Available data:
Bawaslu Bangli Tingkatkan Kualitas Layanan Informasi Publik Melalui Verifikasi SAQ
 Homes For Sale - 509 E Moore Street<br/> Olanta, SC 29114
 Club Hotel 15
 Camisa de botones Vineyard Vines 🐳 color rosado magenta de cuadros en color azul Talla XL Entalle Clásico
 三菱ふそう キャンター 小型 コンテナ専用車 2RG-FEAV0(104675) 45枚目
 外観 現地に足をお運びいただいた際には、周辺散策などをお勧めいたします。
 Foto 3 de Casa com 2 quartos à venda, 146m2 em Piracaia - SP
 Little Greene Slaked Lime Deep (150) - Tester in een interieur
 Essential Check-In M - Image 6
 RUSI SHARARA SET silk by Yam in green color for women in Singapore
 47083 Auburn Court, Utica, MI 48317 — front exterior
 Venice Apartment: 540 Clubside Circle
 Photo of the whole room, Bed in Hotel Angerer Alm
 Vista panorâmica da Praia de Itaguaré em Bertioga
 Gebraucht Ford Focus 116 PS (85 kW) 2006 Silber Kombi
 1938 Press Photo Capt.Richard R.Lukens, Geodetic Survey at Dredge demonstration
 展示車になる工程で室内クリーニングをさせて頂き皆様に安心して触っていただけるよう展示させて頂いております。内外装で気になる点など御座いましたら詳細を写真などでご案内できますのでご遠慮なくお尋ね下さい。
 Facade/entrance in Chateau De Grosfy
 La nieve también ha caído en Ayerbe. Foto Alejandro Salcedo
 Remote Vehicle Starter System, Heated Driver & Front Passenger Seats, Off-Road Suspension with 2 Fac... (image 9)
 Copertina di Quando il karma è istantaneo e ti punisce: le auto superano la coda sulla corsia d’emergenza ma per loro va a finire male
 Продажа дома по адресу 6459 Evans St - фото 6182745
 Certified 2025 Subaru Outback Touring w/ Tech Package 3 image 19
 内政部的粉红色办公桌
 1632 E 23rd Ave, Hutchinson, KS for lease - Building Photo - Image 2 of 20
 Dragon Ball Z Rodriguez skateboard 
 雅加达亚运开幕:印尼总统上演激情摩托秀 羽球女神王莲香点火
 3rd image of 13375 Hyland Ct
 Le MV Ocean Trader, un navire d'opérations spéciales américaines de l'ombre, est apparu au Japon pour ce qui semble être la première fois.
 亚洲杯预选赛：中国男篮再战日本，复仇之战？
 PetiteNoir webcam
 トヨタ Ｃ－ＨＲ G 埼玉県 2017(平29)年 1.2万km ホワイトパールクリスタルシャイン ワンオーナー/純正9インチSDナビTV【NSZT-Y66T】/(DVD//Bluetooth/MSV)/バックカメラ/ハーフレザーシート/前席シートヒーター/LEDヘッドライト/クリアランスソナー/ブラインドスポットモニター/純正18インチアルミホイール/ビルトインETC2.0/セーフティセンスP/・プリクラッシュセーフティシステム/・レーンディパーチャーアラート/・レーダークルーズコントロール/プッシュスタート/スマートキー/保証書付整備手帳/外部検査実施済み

Your assignment: In the listing above, find the line with "Homes For Sale" and the line with "Essential Check-In M - Image 6"; set down exactly those two lines and every line between them, nothing more.

Response:
 Homes For Sale - 509 E Moore Street<br/> Olanta, SC 29114
 Club Hotel 15
 Camisa de botones Vineyard Vines 🐳 color rosado magenta de cuadros en color azul Talla XL Entalle Clásico
 三菱ふそう キャンター 小型 コンテナ専用車 2RG-FEAV0(104675) 45枚目
 外観 現地に足をお運びいただいた際には、周辺散策などをお勧めいたします。
 Foto 3 de Casa com 2 quartos à venda, 146m2 em Piracaia - SP
 Little Greene Slaked Lime Deep (150) - Tester in een interieur
 Essential Check-In M - Image 6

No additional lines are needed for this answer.